LSTM — Introduction in simple words

Amit Singh Rathore
Nerd For Tech
Published in
3 min readSep 19, 2020

--

Image source google.com

LSTM — Long short term memory is an improvement over Recurrent Neural Network to address RNN’s failure to learn in the presence of past observations greater than 5–10 discrete time steps between relevant input events and target signals (vanishing/exploding gradient issue). LSTM does so by introducing a memory unit called “cell state”. Lets see the below diagram to understand LSTM’s basic building blocks.

LSTM Simplified

In the above diagram the central tanh activation function with hidden state and input constitutes a basic RNN cell. LSTM adds other layer as improvement. In the below diagram the cell state is the horizontal line that runs through the top. This cells state is what gives “Long” in LSTM. This cell state carries information or context over longer discrete steps (up to hundreds).

Long and short term memory in LSTM

The long term memory “cell state” behaves something similar to a conveyer belt in automated sorting machine, where parcels are added and removed.

Image source Misumi blog

Note there are only two updates happening to the “cell state”. This reduces the number of computations done. Hence giving stability and reducing chances of exploding descent.

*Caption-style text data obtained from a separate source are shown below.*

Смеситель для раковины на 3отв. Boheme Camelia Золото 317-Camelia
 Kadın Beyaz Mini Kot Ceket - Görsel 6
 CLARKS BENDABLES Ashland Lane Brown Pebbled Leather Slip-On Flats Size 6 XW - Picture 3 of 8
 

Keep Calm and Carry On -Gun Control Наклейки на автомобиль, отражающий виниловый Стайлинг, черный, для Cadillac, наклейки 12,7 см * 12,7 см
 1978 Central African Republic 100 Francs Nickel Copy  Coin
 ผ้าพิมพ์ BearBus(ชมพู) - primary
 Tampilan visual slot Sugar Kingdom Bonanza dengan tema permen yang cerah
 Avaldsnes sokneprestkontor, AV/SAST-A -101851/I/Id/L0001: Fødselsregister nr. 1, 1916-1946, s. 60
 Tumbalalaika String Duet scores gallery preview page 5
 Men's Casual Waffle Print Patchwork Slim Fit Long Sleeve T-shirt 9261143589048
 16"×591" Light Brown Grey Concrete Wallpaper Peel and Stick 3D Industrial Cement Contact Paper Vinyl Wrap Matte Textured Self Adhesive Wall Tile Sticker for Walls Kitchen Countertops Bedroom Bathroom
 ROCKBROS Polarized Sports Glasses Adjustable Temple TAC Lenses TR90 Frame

In the below diagram we can see how an LSTM can be broken into layers for better understanding. We have three layers.

different layers in LSTM

Forget layer: This layer filters or removes info/memory from previous cell state based on current input and previous hidden state. This is done via a sigmoid activation function. This function results only 0 and 1 for inputs. Once it is multiplied to something either it will drop that(multiplication with zero) results in zero or completely pass through(anything multiplied by 1 is same)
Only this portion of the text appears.